Input:

►

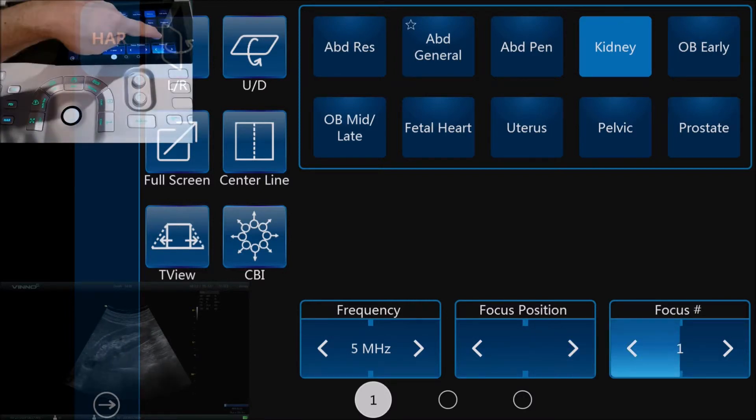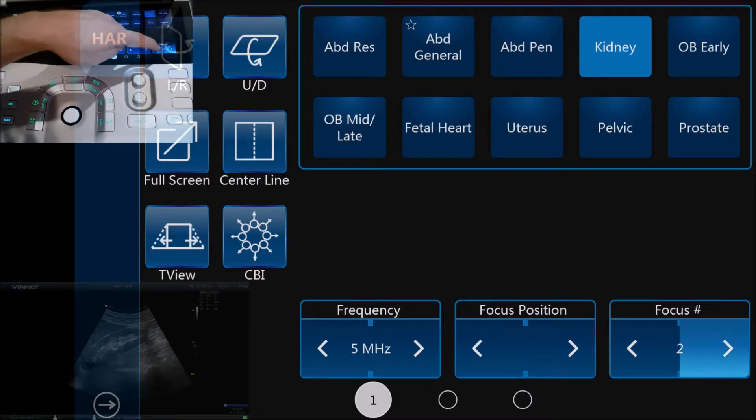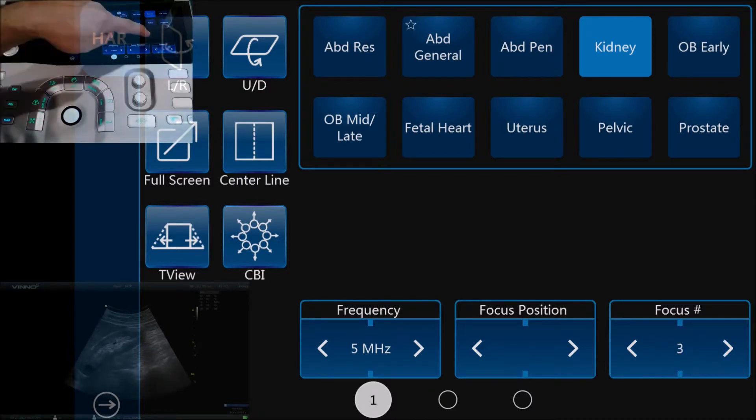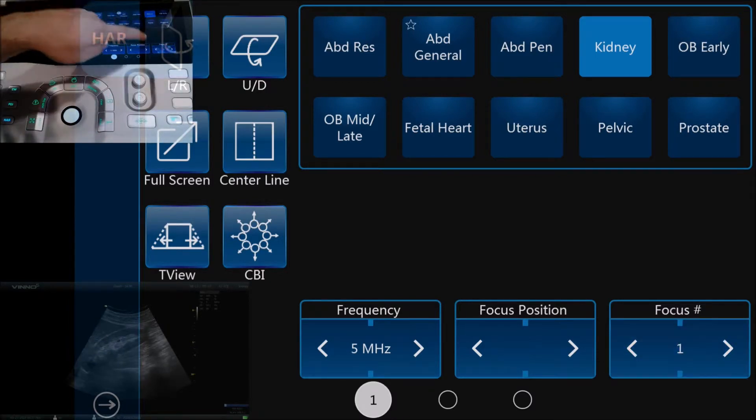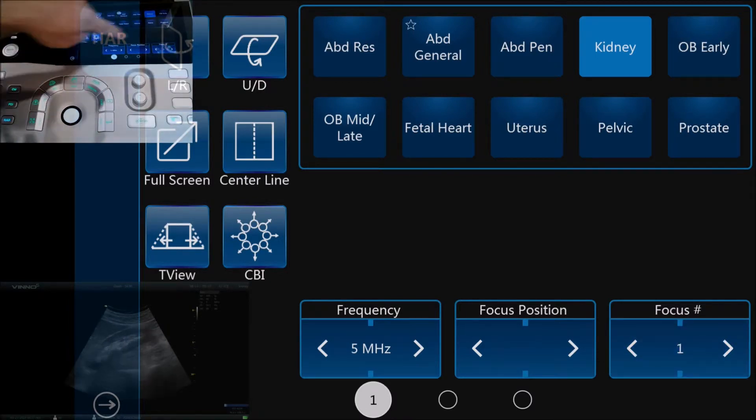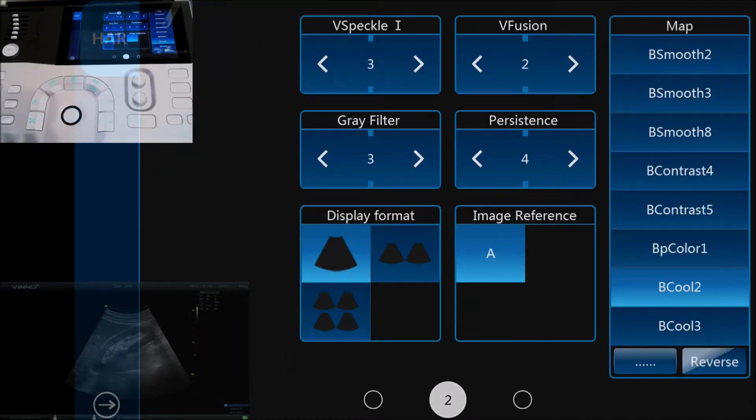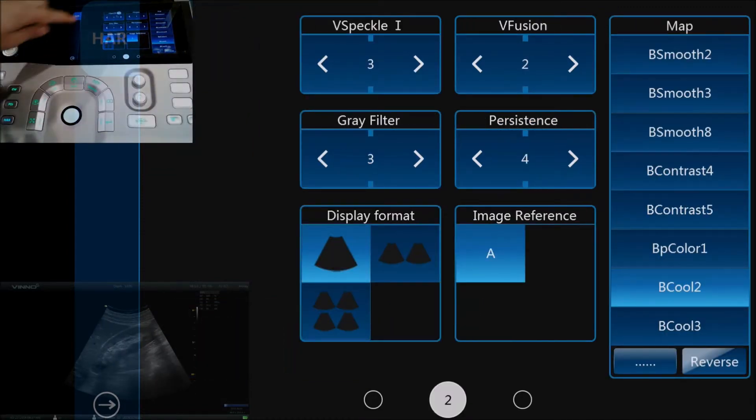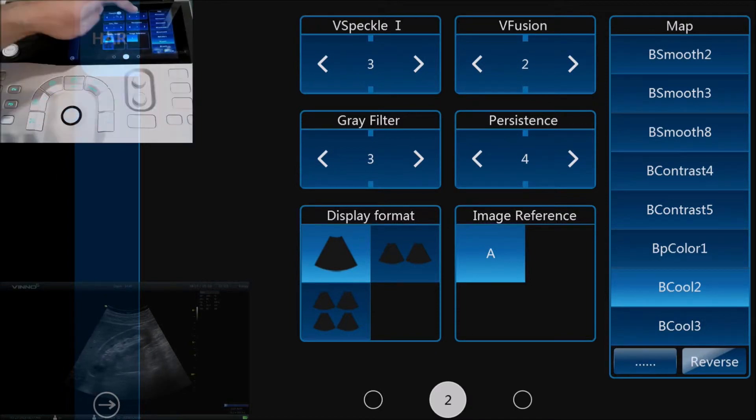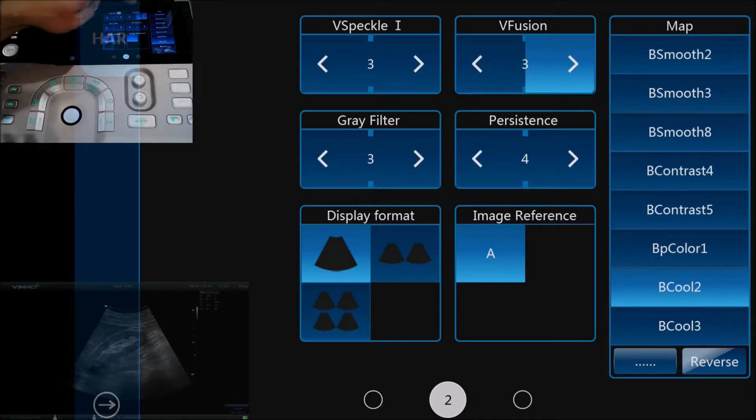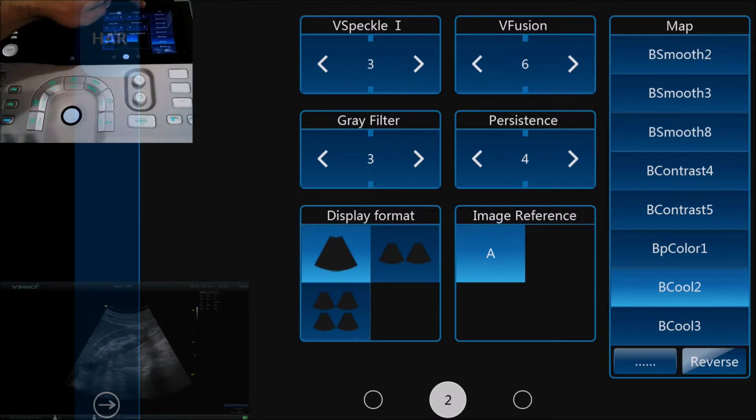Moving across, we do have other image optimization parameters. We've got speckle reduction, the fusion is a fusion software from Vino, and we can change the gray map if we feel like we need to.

◄
►

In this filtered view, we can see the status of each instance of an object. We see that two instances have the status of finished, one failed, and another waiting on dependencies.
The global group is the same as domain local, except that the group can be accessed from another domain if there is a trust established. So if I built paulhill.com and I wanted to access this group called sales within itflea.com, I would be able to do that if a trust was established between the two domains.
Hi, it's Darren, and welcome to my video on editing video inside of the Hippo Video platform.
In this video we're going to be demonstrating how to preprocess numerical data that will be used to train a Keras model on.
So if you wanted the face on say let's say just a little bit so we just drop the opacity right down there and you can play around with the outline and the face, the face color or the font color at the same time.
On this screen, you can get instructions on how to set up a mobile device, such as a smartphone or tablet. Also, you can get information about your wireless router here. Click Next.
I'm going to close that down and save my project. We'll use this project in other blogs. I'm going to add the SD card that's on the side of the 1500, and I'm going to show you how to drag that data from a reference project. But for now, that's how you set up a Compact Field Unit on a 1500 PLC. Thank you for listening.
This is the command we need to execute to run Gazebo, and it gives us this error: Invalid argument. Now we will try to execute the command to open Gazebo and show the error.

◄
►

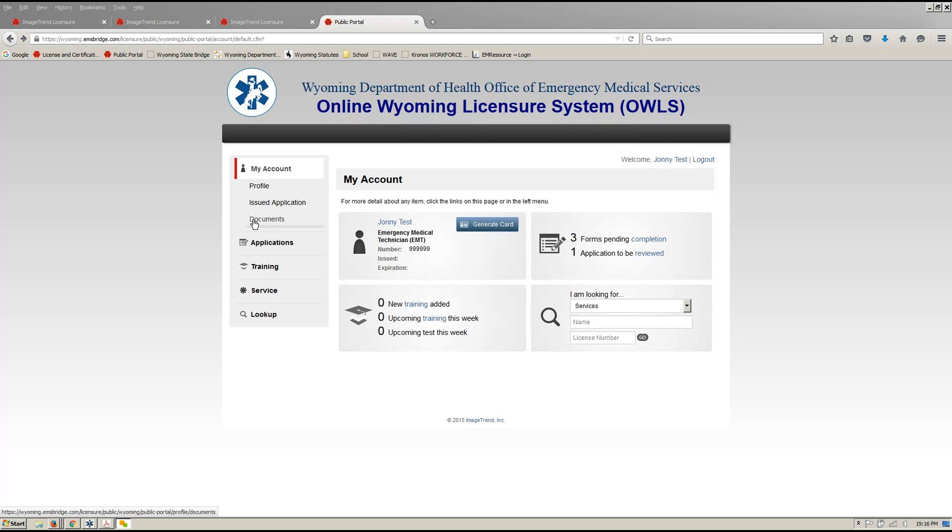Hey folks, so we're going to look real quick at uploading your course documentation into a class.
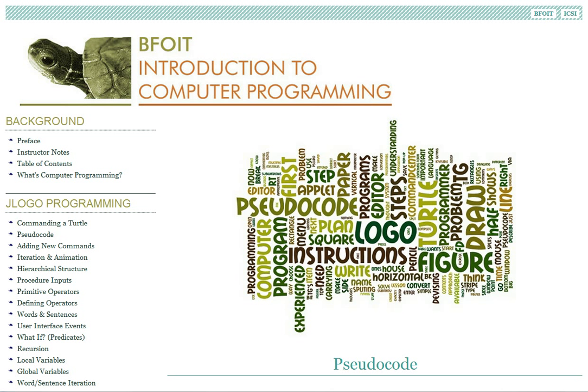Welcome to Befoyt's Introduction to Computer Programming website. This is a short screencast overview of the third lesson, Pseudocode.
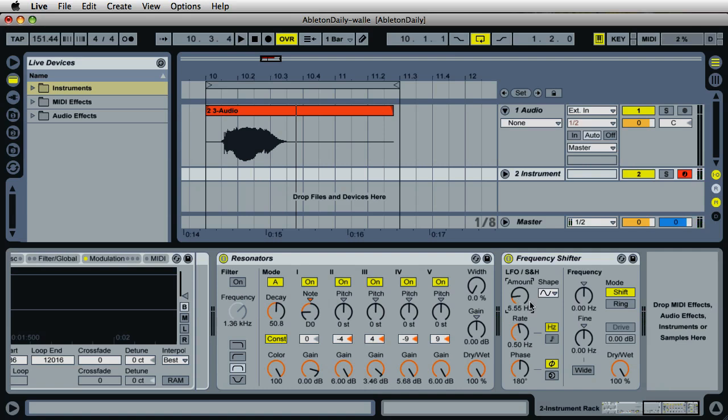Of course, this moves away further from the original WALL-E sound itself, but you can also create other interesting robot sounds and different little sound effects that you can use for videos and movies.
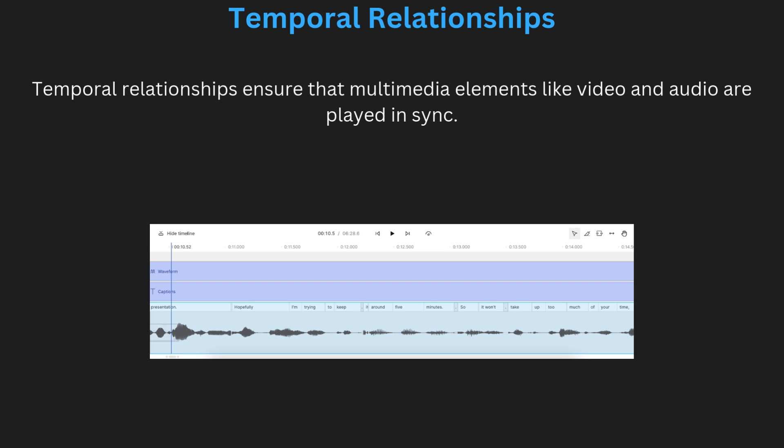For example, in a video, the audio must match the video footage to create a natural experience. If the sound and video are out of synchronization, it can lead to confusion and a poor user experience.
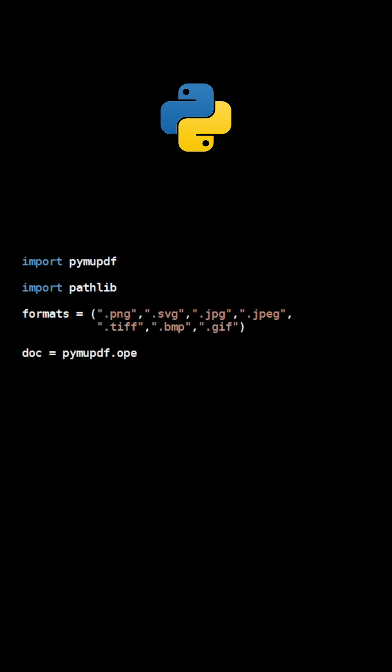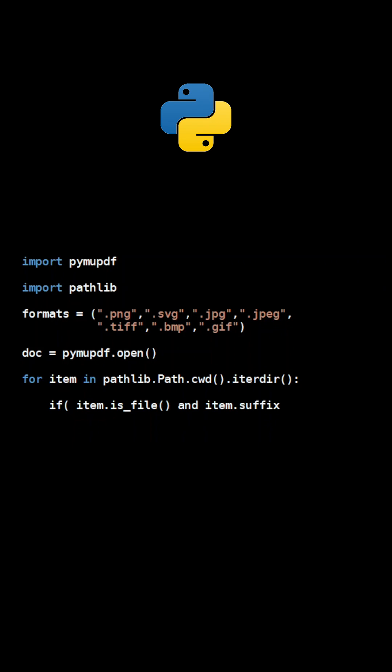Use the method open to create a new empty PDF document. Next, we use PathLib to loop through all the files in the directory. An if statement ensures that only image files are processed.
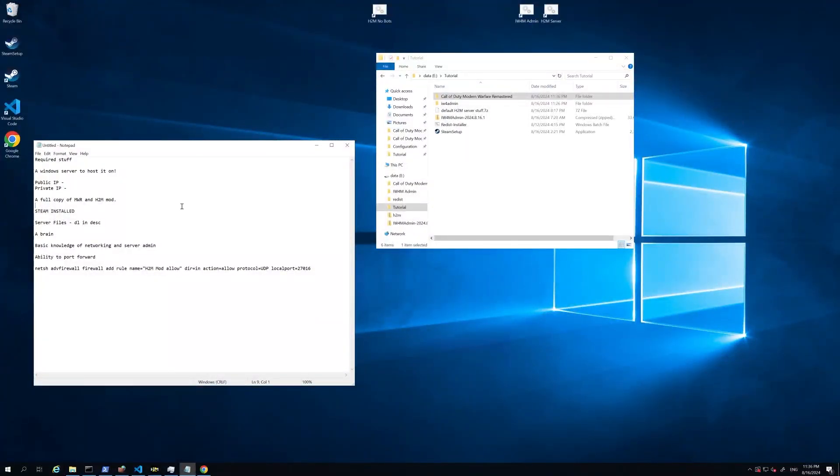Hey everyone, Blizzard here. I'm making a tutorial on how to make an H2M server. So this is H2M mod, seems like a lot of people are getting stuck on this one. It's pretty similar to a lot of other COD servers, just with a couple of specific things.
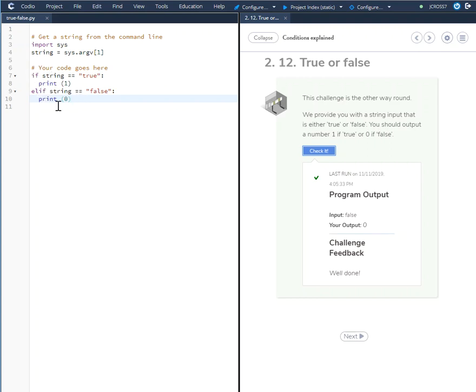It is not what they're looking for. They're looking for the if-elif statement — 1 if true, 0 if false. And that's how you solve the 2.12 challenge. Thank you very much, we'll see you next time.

◄

Instructions to follow:
Return exactly the lines above from the line that has "So if you wanted" through the line that has "On this screen, you", inclusive, and nothing else.

Exercise result:
So if you wanted the face on say let's say just a little bit so we just drop the opacity right down there and you can play around with the outline and the face, the face color or the font color at the same time.
On this screen, you can get instructions on how to set up a mobile device, such as a smartphone or tablet. Also, you can get information about your wireless router here. Click Next.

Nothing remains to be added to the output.